§ Source data:
^^^^^^^^
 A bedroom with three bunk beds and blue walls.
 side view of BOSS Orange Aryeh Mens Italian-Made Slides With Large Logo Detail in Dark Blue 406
^^^^^^^^
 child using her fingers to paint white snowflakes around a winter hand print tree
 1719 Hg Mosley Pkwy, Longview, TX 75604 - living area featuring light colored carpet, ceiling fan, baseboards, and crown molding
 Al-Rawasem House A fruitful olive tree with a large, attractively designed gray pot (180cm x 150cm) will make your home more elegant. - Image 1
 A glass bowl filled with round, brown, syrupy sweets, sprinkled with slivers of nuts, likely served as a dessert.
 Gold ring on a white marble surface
^^^^^^^^
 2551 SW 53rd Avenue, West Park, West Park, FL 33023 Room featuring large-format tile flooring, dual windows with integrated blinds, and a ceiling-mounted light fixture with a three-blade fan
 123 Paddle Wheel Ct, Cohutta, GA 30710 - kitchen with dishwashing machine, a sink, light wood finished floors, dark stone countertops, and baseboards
^^^^^^^^
§ Task item:
Using the records above, set down exactly the lines from the one with "child using her" through the one with "1719 Hg Mosley", inclusive, and nothing more.

§ Task solution:
 child using her fingers to paint white snowflakes around a winter hand print tree
 1719 Hg Mosley Pkwy, Longview, TX 75604 - living area featuring light colored carpet, ceiling fan, baseboards, and crown molding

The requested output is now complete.